A trent’anni dalla scomparsa di Senna, il pilota brasiliano di Formula 1 morto sul circuito di Imola, due libri ne ricordano imprese e rivalità da «samurai» delle piste.

«Non esiste curva dove non si possa sorpassare». È tra le frasi più celebri di Ayrton Senna; oggi vale per l’idraulico, la partita Iva, il cervello in fuga. È una metafora della società globale dove la competitività, la determinazione, qualche volta l’azzardo stanno nella cassetta degli attrezzi per raggiungere un obiettivo nella vita. Lui, quella frase, la prendeva alla lettera e fino al primo maggio di 30 anni fa ha messo in fila una generazione di piloti.

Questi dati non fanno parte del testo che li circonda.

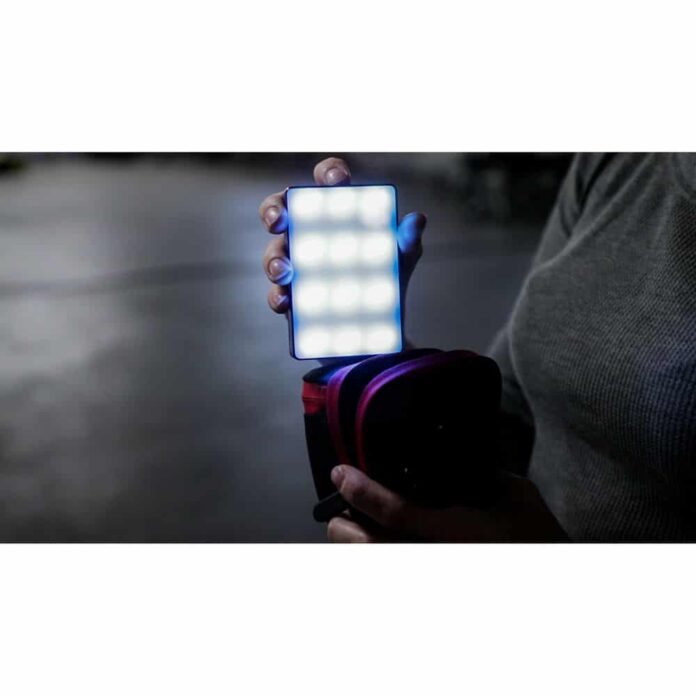 Đèn LED Aputure MC RGBWW Mini (4-Light Kit) kèm hộp sạc không dây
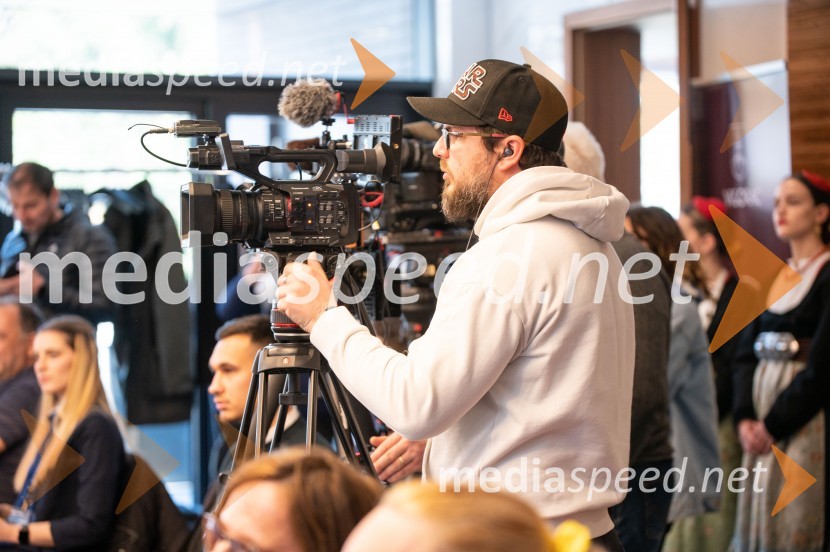  Jaka Arbutina, fotografPredstavitev Makarske riviere in Zabiokovlja, novinarska konferenca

Quando negli specchietti di Alain Prost, Nigel Mansell, Nelson Piquet, Riccardo Patrese, Gerhard Berger, dei primi Michael Schumacher e Mika Hakkinen, compariva la sagoma della McLaren MP4 di «Magic» (così lo avevano soprannominato) il sorpasso infinito era nell’aria. Qualche volta tecnico in pieno rettilineo, qualche altra aggressivo in staccata. Spesso non ce n’era neanche bisogno perché il fenomeno brasiliano della Formula 1 partiva davanti e arrivava davanti. Poi ecco Imola 1994, gran premio di San Marino, il weekend nero delle corse. Al venerdì Rubens Barrichello aveva rischiato la pelle in prova, al sabato era morto Roland Ratzenberger. La domenica Senna era teso, più malinconico del solito. Il suo amico Sid Watkins, neurologo e chirurgo di Liverpool, gli aveva detto: «Ayrton, sei stato tre volte campione del mondo, sei il pilota più veloce di sempre, cos’altro vuoi fare? Piantala lì e andiamo a pescare». Un presentimento, perché alla Curva del Tamburello il fenomeno era atteso da qualcosa che non si può sorpassare. Il destino. Uno schianto al settimo giro, l’impatto della Williams Renault contro il muro di cinta, un frammento di sospensione che trafigge il casco. Game over.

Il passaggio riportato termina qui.